The comparison of things that are literally unlike by finding analogical resemblances took firm root in Western literature as a result of the medieval lore of analogy in Dante's Divine Comedy and the voluminous body of literary criticism generated by it (Culler 1981; Spurgeon 1965). Aristotle defines comparison by analog as follows (Fergusson 1961, P. 99):

Analogy or proportion is when the second term is to the first as the fourth to the third. We may then use the fourth for the second, or the second for the fourth.

An analogy of proportion requires four terms, two of which have a common factor or similarity. In notational form, this reads: 1:2::3:4, or A:B::C:D, a juxtaposition in which terms 4 and 2 can replace each other. The comparison can be stated in words as follows: If A is to B as C is to D, then B and D can be interchanged, and A can be said to be like (similar to) C. Frye illustrates the analogy using the expression "the hero was a lion," in which courage is the common factor, and the analogy is, "the hero is to human courage as the lion is to animal" (1973, p. 124). Analogical metaphors seem to control the structure of many advertisements as well, and can be analyzed on the basis of literary criticism (see Stern 1988, 1989).

An advertising example is, "Among the riches of Beverly Hills, a little gem of a hotel The Beverly Pavilion Hotel." This is an elliptical metaphor, for the verb "is" is omitted, but implied by the comma, often used in formal written prose to indicate ellipsis (Watkins, Dillingham, and Martin 1974).
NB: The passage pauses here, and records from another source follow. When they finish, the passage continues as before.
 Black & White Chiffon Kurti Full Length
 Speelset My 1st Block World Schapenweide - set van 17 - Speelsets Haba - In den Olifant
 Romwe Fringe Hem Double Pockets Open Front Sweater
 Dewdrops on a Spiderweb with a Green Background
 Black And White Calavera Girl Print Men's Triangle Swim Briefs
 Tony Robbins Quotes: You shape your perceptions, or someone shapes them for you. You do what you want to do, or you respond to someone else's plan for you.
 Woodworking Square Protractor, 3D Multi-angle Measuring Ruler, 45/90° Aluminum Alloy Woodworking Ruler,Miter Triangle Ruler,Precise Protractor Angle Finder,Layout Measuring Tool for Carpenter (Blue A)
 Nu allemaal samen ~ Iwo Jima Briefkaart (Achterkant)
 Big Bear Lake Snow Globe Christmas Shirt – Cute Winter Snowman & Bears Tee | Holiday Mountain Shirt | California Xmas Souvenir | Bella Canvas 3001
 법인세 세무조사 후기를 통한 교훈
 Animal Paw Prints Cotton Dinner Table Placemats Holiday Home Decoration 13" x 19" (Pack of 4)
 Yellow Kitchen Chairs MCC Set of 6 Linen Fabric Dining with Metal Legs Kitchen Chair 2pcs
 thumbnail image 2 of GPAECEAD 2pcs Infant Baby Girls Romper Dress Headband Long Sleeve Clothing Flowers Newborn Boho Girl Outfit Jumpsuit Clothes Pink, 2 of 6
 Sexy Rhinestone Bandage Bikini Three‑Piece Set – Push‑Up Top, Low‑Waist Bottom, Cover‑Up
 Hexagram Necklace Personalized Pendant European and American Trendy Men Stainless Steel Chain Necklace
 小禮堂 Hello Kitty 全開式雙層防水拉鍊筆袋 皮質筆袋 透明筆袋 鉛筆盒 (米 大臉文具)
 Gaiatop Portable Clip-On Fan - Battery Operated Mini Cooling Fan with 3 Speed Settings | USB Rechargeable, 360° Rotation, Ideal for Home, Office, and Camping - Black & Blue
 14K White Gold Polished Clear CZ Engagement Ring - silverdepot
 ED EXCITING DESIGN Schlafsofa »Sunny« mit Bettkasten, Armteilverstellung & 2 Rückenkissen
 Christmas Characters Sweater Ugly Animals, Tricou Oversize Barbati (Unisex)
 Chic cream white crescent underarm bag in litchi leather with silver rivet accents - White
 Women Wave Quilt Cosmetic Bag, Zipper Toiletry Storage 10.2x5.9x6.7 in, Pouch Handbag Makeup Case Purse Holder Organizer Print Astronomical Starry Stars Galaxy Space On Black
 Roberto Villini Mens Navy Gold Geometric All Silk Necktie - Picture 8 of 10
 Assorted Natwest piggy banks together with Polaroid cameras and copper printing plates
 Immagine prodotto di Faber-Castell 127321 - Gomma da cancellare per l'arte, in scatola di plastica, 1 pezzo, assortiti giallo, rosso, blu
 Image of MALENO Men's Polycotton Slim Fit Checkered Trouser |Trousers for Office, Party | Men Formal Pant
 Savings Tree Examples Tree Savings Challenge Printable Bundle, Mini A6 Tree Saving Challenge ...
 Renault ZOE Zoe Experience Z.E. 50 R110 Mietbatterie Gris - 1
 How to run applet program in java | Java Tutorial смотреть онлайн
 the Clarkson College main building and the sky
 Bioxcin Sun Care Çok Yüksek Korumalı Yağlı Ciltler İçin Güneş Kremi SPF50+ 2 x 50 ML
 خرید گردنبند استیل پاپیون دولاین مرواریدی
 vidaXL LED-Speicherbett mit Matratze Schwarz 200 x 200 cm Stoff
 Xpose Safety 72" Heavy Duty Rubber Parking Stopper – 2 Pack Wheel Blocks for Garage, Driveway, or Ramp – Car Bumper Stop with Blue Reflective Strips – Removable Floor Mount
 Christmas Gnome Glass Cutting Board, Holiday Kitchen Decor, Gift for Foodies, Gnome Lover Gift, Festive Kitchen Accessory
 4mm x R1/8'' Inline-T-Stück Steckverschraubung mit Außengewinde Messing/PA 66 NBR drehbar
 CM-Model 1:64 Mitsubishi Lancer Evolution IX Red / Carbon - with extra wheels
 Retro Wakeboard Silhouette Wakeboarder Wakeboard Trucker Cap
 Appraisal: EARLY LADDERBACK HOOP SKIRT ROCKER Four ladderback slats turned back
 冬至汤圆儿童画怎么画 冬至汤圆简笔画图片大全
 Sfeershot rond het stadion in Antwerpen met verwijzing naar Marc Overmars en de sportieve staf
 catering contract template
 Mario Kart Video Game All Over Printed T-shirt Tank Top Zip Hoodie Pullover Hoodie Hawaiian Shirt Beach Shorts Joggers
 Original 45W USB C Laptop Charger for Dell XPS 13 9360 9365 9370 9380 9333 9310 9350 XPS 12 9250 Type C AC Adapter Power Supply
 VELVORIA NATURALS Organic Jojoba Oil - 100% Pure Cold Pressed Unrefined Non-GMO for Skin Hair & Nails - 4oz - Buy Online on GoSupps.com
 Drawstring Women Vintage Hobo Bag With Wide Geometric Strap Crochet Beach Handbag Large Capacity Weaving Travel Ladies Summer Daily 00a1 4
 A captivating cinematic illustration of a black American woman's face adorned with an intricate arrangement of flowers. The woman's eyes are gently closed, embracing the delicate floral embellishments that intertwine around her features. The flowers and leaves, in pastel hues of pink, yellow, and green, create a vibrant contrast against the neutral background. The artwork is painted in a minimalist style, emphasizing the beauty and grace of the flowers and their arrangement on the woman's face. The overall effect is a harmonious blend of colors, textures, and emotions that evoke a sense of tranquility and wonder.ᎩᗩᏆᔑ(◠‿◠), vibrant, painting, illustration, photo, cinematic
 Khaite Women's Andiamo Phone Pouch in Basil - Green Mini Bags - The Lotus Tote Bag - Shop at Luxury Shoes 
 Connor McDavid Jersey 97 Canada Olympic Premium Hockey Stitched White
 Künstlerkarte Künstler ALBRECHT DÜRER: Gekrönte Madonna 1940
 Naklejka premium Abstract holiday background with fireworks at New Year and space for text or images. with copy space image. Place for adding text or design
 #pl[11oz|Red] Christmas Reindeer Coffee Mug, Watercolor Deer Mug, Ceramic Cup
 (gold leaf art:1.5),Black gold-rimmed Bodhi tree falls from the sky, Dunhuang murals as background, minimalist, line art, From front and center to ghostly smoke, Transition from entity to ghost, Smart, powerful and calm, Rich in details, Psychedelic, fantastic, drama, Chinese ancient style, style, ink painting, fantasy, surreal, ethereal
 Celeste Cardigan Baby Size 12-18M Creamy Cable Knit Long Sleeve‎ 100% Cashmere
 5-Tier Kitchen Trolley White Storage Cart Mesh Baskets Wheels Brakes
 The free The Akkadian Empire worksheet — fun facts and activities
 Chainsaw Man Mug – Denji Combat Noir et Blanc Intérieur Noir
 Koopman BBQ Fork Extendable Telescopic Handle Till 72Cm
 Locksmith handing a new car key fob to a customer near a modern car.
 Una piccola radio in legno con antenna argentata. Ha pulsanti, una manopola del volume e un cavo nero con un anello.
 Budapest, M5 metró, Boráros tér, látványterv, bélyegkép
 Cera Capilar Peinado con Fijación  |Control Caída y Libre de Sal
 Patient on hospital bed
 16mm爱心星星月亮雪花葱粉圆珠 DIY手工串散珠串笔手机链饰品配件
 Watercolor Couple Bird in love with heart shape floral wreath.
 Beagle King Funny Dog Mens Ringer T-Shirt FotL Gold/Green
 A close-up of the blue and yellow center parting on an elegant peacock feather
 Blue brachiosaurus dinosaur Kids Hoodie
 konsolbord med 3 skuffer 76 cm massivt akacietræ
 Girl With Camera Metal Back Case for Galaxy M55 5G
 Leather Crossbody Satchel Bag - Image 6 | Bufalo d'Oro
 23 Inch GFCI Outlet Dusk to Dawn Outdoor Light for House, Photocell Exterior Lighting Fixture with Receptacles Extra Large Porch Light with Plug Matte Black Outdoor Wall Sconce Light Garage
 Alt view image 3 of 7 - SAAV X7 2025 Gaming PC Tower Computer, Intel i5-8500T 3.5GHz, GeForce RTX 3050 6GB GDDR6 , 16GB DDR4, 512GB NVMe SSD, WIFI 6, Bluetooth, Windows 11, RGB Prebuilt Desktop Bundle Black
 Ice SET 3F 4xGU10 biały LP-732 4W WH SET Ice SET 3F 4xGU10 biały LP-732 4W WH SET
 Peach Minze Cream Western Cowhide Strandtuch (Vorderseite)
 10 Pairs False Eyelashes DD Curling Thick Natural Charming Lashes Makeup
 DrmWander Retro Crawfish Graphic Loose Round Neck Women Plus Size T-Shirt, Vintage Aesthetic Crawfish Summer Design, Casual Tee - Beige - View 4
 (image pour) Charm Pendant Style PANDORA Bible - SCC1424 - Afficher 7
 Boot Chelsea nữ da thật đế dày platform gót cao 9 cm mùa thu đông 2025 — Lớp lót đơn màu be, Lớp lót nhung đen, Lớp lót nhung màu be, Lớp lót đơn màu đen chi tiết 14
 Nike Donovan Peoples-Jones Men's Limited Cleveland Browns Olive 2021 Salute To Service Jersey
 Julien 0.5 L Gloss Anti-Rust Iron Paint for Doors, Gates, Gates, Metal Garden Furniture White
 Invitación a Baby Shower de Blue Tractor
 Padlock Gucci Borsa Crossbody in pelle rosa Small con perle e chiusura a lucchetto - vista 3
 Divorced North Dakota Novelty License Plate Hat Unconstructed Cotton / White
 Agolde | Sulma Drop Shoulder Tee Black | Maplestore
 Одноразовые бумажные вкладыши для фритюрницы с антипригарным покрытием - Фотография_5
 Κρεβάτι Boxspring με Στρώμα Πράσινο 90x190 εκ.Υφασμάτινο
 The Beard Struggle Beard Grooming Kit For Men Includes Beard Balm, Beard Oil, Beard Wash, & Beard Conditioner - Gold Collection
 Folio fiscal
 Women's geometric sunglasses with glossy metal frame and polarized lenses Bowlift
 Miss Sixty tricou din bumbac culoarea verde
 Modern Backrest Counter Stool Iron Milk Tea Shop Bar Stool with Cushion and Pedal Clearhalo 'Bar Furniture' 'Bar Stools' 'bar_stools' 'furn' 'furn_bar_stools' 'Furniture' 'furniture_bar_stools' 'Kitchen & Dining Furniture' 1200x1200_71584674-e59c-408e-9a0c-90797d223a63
In notational form, the metaphor is shown in Figure 1. The common factor is distinctiveness: just as a little gem stands out even among many jewels, the little hotel stands out even amidst the riches of Beverly Hills dwellings.


The point of analogy is the transference of attributes from the object of the comparison to the subject (Brooks and Warren 1960). The subject and object are sandwiched side by side for ease of comparison, and marketing metaphors, like poetic ones, encourage consumers to transfer characteristics of an object to the subject. In our example, the image of a small gem that stands out among an abundance of jewels is transferred to the notion of the Beverly Pavilion as the most distinctive small hotel in a geographic area remarkable for affluence. The advertisement's metaphor thus involves the application of an alien name [gem] to a hotel by transference [the quality of distinctiveness] by analogy [the resemblance between the gem's and the hotel's uniqueness].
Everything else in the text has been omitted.